Macron : le recyclage du PS

Chacun connait le sort des produits périmés. Et donc ce qui doit advenir du PS dont ce quinquennat aura été celui des mensonges, puis des trahisons, enfin d’échecs absolus… « Merci (vraiment) pour ce moment »…

Hollande, Taubira, Belkacem, Désir, Peillon, Duflot, Hamon autant de noms parmi beaucoup d’autres qui ont suscité le rejet rageur des français.

Il y a eu pourtant dans notre histoire politique de vraies personnalités de gauche qui exprimaient un idéal, une vision, une vraie culture, voire le sens de l’Etat : Jaurès, Blum, Jules Moch, Mendès-France, Mitterrand, Rocard, Chevènement et Védrine en étaient. On peut respecter un adversaire quand il y a la France en héritage commun.

Emmanuel Macron n’est pas cette veine-là. C’est le fils de François Hollande dont il transforme l’indécision en ambiguïté, l’absence de convictions en « modernité », la légèreté en sourires de connivence. L’ancien ministre aime ceux qui l’aiment. Ce n’est pas ce qu’on demande d’un homme d’Etat.

Héritier de celui qui voulait faire la guerre à la finance, il est soutenu par des intérêts financiers internationaux et les médias dont ils sont les actionnaires. Ce n’est pas un hasard si ses premiers clients ont été des expatriés fiscaux et des personnes que la mondialisation rend riches et heureuses.

Il a déjà commis l’irréparable : accuser son pays de crime contre l’humanité en Algérie, puis nier l’existence d’une « culture française ». L’homme est donc à la fois sans racines ni décence.

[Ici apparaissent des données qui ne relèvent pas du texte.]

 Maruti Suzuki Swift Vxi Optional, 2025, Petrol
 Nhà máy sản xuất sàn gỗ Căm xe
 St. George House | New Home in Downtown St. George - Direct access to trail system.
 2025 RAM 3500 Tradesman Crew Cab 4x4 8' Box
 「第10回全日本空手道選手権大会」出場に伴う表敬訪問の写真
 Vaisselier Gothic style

C’est un libéral-libertaire : partisan de la GPA qui n’est autre que la location d’un ventre d’une femme pauvre à l’étranger, il séduit évidemment le milliardaire Pierre Bergé.

Favorable à la dépénalisation du cannabis, il en rassemble les consommateurs d’habitude et de culture, tout en prônant une « génération sans tabac ».

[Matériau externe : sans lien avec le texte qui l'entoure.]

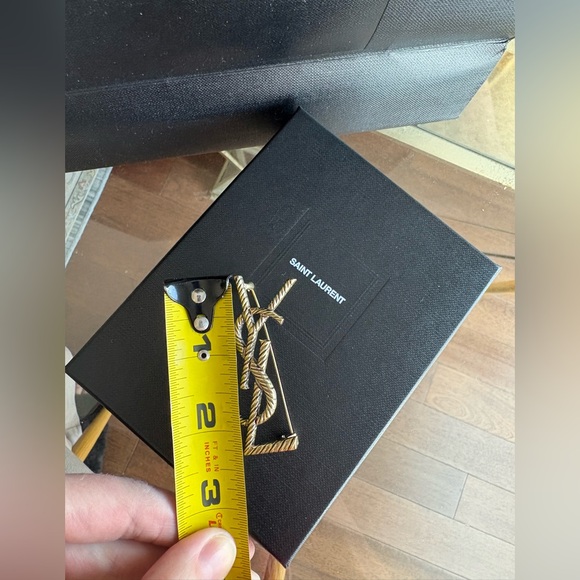 Saint Laurent Cassandre Brooch in Metal Gold Tone Wrapped Cord Texture YSL Logo - Picture 11 of 16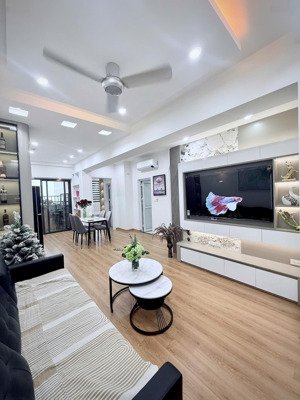 cần bán nhanh căn hộ 2 ngủ 2vs 65m2 toàn 2a vinaconex hướng đông bắc.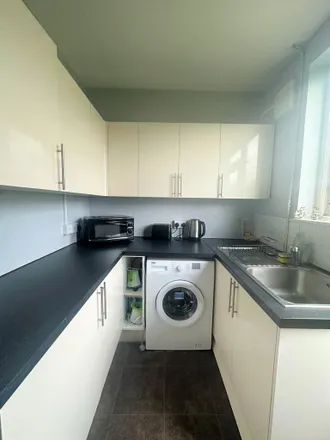 Rent this 4 bed room on Woodmansterne Road in London, SW16 5UB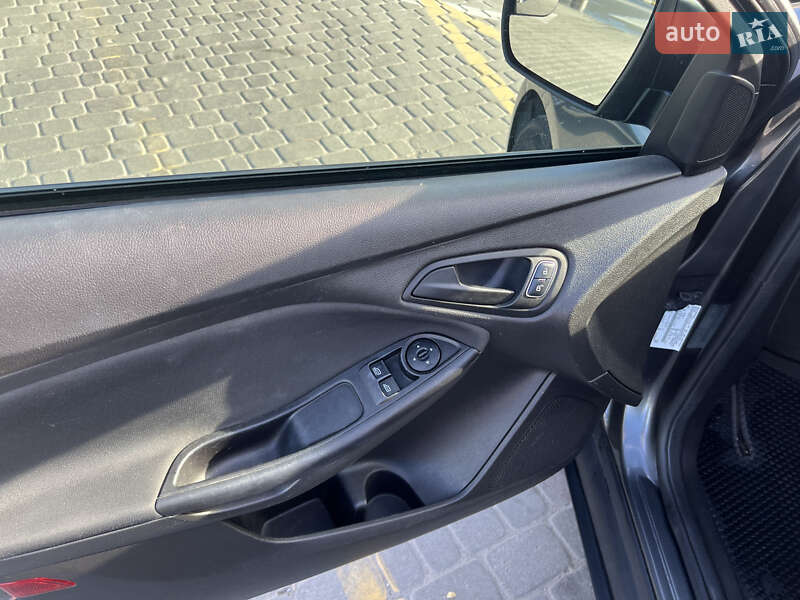 Седан Ford Focus 2017 в Львове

Mais c’est aussi un bobo dépensier : après avoir gagné trois millions en deux ans dans une banque d’affaires, il n’a plus aujourd’hui que les économies d’un artisan, après avoir, en toute logique, dépensé un Smic tous les jours depuis trois ans.

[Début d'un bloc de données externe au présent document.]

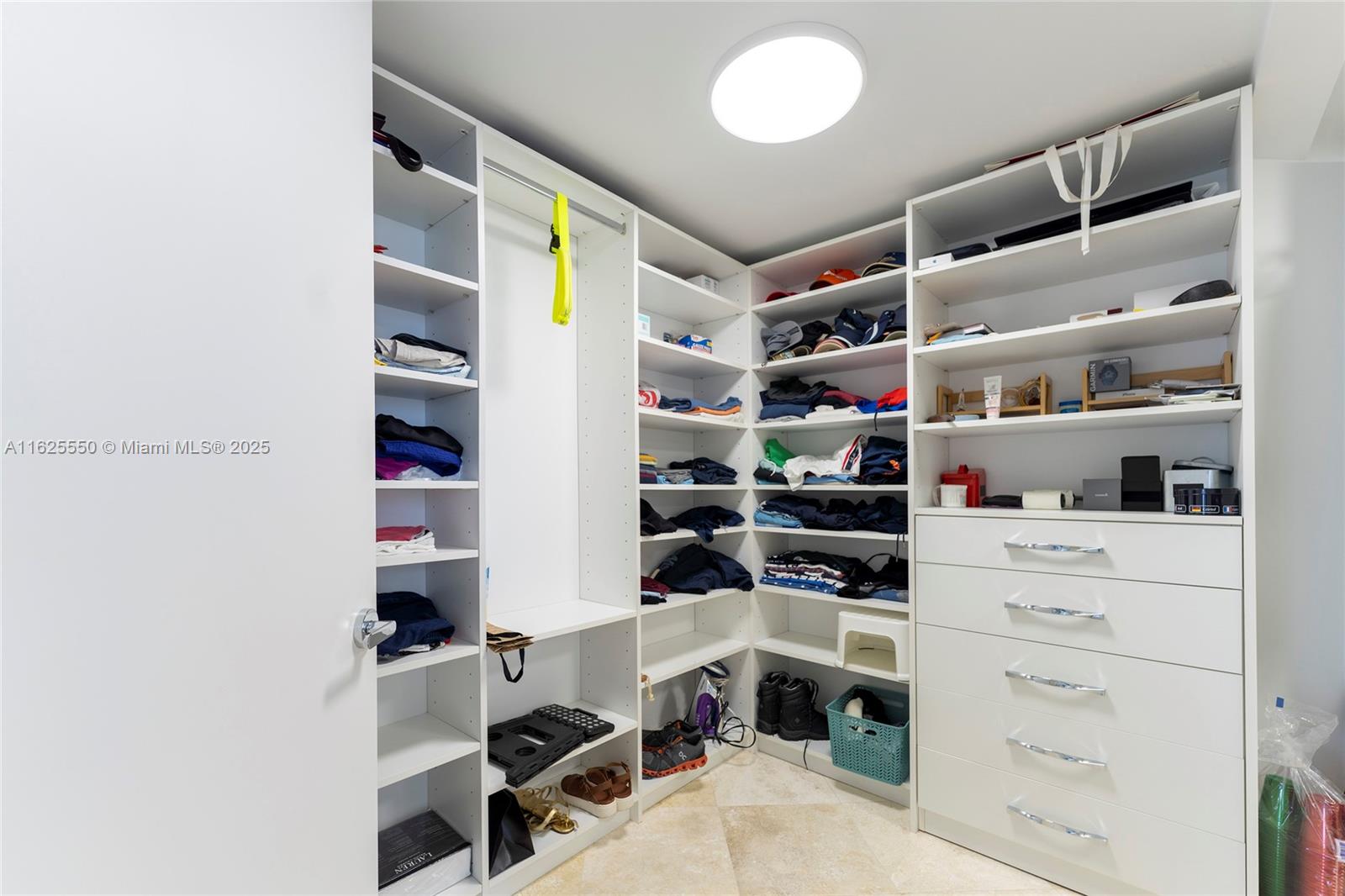 OCEAN TWO CONDO - Residential Lease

Alors que les problèmes d’immigration suscitent dans notre pays une colère sans nom, Emmanuel Macron est allé en Allemagne féliciter Mme Merkel d’avoir ouvert les portes de son pays à 1 200 000 immigrés. C’est à l’aune de cette déclaration qu’il faut comprendre son engagement résolu pour la « discrimination positive » qui est contraire aux valeurs de la République incarnées par la Déclaration des Droits de l’Homme de 1789, comme par notre Constitution.

Macron est, dans le fond, ce qu’il y a de pire dans le hollandisme : le renoncement à ce que nous sommes, dans la soumission aux intérêts du « système ». Il porte l’entreprise de recyclage du PS.

C’est exactement pour cette raison que François Fillon est autant attaqué et c’est pour cela que de toutes nos forces il faut qu’il soit élu président de la République.